I'd better shut up now.

 

[Joe Schaefer]

[...]

With POST, on the other hand, the problem
simply doesn't arise for which the semi-colon is the suggested
solution, and so no solution is really needed.

FYI: the semicolon is the default separator for the (deprecated)
urlencoded-post method described in the XForms 1.0 spec.

http://www.w3.org/TR/xforms/slice11.html#serialize-urlencode

Earlier drafts mandated ';' as the separator, however the spec
authors eventually recognized that decision was problematic for
POST, so they allowed the separator to be configurable by the form
author to either ';' or '&'.

Allowing ';' as the separator is a good idea anyways, since
it lets future XForms authors make use of your script without
having to fuss over the choice of separator.

 

[Seungbeom Kim]

But the issue of using semi-colon as the alternative delimeter in
composed GET URLs is codified in the *HTML* specifications, starting
with RFC1866/HTML2.0. The CGI specification does not go into detail
about the format of the QUERY_STRING, but cites other relevant
specifications for it. With POST, on the other hand, the problem
simply doesn't arise for which the semi-colon is the suggested
solution, and so no solution is really needed.

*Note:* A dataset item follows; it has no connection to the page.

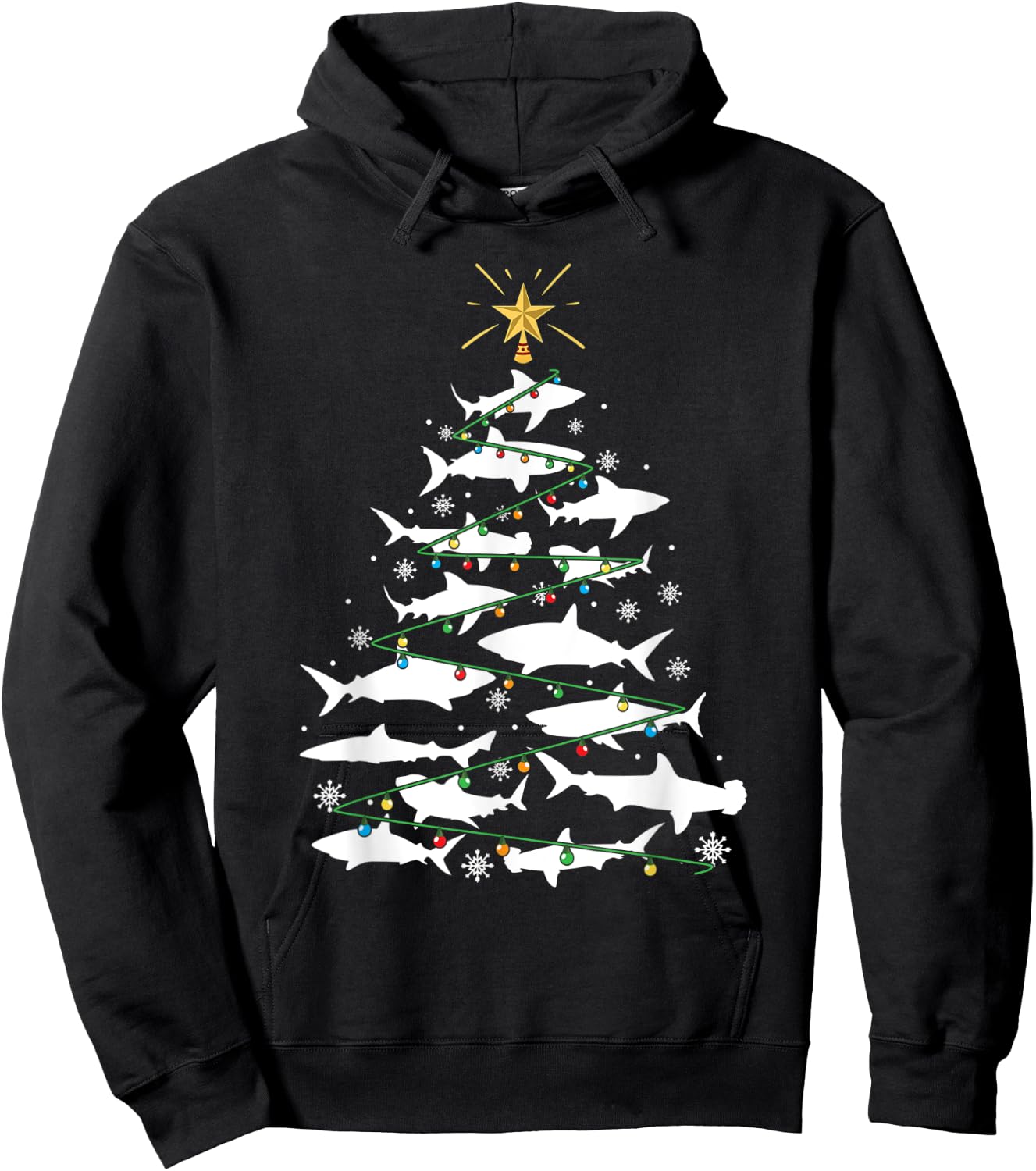 Shark Xmas Tree Holiday Gift Fishing Lover Funny Christmas Hoodie - Hoodie | Black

The HTML 4.01 Specification still mentions only '&' as the separation
character: http://www.w3.org/TR/html4/interact/forms.html#h-17.13.4.1

Sorry for continuing this topic here, but many people have responded and
shown interest about this, so I ask for your understanding.

 

[Alan J. Flavell]

The HTML 4.01 Specification still mentions only '&' as the separation
character: http://www.w3.org/TR/html4/interact/forms.html#h-17.13.4.1

Sorry, you misinterpreted the context. See:
http://www.w3.org/TR/html4/appendix/notes.html#h-B.2.2

Which in effect re-iterates what it said already in RFC1866 section
8.2.1 about pre-composed query URLs (as opposed to those which are
constructed by submitting a FORM with method GET).